Momentum Equation - Linear And Angular Conservation

Last edited: 2024-11-14 17:10:58

Linear and angular momentum has certain properties. Here we explore momentum's equations, rate of change, conservation, and link to torque and impulses.

Momentum Equation

The formula for momentum is

$$p = mv,$$

where $m$ is the mass of a moving object with velocity $v$. In vector form it becomes

$$\vec{p} = m \vec{v}.$$

Change in Momentum Formula

To calculate the change in momentum you have to use the change in velocity $\Delta \vec{v} = \vec{v}_2 - \vec{v}_1$ and plug it into the expression to get the change in momentum:

$$\Delta \vec{p} = m \Delta \vec{v}$$

Rate of Change of Momentum

To get the rate of change of momentum we will take the time derivative of the momentum equation:

$$\frac{d \vec{p}}{dt} = \frac{d}{dt} (m \vec{v}).$$

Since the mass is assumed to be constant the derivative only acts on the velocity and the derivative of velocity is acceleration ($\vec{a}$) so we get:

$$\frac{d \vec{p}}{dt} = m \vec{a} = \Sigma \vec{F}.$$

As you can see we get the expression for Newton's second law which says that the sum of all forces acting upon an object is equal to the mass times acceleration of the body.

Is Impulse The Change in Momentum?

To get the impulse we have to integrate the equation above over time.

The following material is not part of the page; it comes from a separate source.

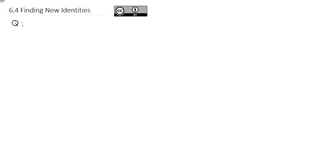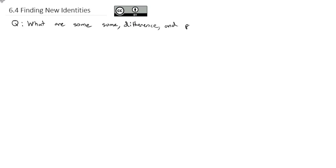This video is going to attempt to find some new identities around sums, differences, and products that are very useful to us as we simplify trig equations. These trig identities you do not need to memorize, but you should definitely be aware of them and how to use them. So we're going to find a couple of new trig identities — what are sum, difference, and product identities?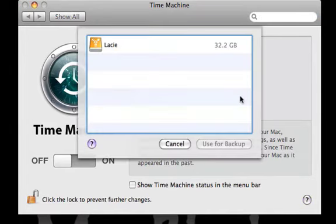This menu will list drives available for Time Machine backups. Select your desired drive and choose Use for Backup.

In other words, we have to integrate the forces acting on an object over time:

$$\int_{t_1}^{t_2} \Sigma \vec{F} dt = \int_{t_1}^{t_2} \frac{d \vec{p}}{dt} dt = \vec{p}_2 - \vec{p}_1 = \Delta \vec{p},$$

where $\vec{p}_1$ and $\vec{p}_2$ is the linear momentum at time $t_1$ and $t_2$ respectively. As can be seen, the impulse is the change in momentum.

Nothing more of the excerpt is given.